While Hussen is technically correct that asylum seekers are not jumping the queue, it is a distinction without a difference. On average, it takes 6 to 12 months to immigrate to Canada. (The processing time for a permanent resident card is currently 53 days, but there are additional steps that must be taken before submitting an application.)
An illegal border crosser doesn’t have to wait 6 to 12 months to live in Canada. They can wake up in the morning in the United States and be in Canada before the day is over. If they are eligible to make an asylum claim, they get to stay until their claim is heard, a process that takes more than a year.
Even if an illegal border crosser does not delay the application of someone who wants to immigrate to Canada, they have entered the country 6 to 12 months earlier than the person who follows the legal process. Hence, an illegal border crosser from the United States is equivalent to a queue jumper. They have leapfrogged into Canada ahead of the people who are waiting to immigrate.

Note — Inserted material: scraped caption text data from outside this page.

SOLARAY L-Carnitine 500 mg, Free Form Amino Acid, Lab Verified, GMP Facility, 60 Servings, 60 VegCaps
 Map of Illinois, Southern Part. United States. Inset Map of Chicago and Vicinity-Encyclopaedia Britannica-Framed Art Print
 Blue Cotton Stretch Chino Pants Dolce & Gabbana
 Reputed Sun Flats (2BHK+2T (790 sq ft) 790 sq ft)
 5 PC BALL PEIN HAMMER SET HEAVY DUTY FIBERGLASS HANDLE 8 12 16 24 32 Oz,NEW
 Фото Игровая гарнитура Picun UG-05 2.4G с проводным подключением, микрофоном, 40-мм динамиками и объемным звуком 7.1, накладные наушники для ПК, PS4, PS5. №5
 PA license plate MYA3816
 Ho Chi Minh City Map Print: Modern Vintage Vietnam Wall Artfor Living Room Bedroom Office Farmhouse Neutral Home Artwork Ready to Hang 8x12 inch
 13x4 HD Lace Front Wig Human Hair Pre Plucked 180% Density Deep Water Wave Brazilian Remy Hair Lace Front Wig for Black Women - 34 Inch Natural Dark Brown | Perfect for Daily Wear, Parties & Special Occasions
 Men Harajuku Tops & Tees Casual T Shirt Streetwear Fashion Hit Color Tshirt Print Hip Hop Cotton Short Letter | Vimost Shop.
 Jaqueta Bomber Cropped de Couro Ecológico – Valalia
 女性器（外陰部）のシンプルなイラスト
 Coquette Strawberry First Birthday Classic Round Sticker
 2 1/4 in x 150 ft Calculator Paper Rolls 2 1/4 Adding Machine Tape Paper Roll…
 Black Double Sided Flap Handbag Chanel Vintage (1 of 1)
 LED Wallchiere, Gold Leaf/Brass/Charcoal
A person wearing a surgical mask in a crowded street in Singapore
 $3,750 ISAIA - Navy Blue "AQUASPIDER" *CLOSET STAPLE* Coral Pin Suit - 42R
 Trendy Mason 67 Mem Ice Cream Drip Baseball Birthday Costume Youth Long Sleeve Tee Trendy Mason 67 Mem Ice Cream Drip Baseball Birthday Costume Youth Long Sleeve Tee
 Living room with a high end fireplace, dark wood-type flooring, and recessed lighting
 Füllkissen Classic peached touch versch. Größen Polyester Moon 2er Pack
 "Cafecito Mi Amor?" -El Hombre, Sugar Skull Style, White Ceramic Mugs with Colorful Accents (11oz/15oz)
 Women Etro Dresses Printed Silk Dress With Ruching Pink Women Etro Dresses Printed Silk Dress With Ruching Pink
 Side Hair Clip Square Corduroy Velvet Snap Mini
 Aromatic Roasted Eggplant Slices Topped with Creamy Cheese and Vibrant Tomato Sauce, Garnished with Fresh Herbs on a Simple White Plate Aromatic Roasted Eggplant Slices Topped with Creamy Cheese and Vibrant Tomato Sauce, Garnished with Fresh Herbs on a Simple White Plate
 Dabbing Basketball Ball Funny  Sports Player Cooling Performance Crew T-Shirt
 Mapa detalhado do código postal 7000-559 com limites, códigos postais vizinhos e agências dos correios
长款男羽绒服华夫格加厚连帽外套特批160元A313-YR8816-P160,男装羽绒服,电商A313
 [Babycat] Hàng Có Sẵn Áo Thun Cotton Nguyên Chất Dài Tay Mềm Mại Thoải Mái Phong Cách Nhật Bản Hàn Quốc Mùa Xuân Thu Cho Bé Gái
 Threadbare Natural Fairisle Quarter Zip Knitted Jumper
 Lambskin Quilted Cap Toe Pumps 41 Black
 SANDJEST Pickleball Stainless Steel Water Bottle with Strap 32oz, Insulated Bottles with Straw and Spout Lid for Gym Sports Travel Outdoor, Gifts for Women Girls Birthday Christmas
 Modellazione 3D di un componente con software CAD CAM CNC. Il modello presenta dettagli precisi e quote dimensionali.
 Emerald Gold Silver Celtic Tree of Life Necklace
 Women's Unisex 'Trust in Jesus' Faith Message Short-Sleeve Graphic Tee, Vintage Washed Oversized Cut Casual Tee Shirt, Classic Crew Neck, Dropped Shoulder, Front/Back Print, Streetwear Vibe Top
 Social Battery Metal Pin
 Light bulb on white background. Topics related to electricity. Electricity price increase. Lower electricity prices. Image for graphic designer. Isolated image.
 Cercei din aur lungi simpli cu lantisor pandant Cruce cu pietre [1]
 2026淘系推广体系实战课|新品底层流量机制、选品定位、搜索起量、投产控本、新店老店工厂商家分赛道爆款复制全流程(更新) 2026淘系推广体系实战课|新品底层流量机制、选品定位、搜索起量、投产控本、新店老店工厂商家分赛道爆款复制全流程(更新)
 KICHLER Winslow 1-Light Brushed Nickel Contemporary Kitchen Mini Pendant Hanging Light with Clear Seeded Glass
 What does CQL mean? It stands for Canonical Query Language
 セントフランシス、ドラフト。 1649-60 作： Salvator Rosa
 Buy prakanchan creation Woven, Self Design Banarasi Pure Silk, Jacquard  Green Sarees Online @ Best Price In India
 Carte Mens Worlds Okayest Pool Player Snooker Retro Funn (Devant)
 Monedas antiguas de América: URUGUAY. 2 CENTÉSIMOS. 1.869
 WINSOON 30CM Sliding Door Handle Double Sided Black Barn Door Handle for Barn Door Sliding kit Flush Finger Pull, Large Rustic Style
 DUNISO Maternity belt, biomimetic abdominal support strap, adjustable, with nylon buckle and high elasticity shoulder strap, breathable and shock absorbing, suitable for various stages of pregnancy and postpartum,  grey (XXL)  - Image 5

In reality, most asylum seekers from the United States who appear at a legal port of entry would be denied entry into Canada under the Safe Third Country Agreement (STCA). Knowing this, they make an illegal crossing instead.
Illegal border crossers can request asylum due to a loophole in the STCA. Under the agreement, “persons seeking refugee protection must make a claim in the first country they arrive in … unless they qualify for an exception…” However, the agreement only applies to people who enter Canada at land border crossings or by train or at an airport. This loophole needs to be closed.
If the STCA were renegotiated, illegal border crossers could be arrested, detained, given due process, and if found guilty of illegal entry, they would be returned to the United States.
Another option is to simply pass legislation, so that illegal border crossers from the United States cannot request asylum. Such a measure would not violate the 1951 Refugee convention. According to James Bisset, a former head of Canada’s Immigration Service, “Canada has chosen to enact laws and regulations that go above and beyond what is required by the Convention.”
While Article 31 states that “Contracting States cannot impose penalties” (i.e., fines or prison time) on asylum seekers who enter a country illegally, it does not prohibit a state from deporting them. Article 33 only prohibits a state from deporting most refugees to a place where their “life or freedom would be threatened.”
A sovereign nation has the right to control its borders and who it allows to immigrate. Unfortunately, Canada has a defacto open borders policy when it comes to asylum seekers. The federal government can stop the flow of illegal border crossings by only allowing people to request asylum if they do so at a legal port of entry.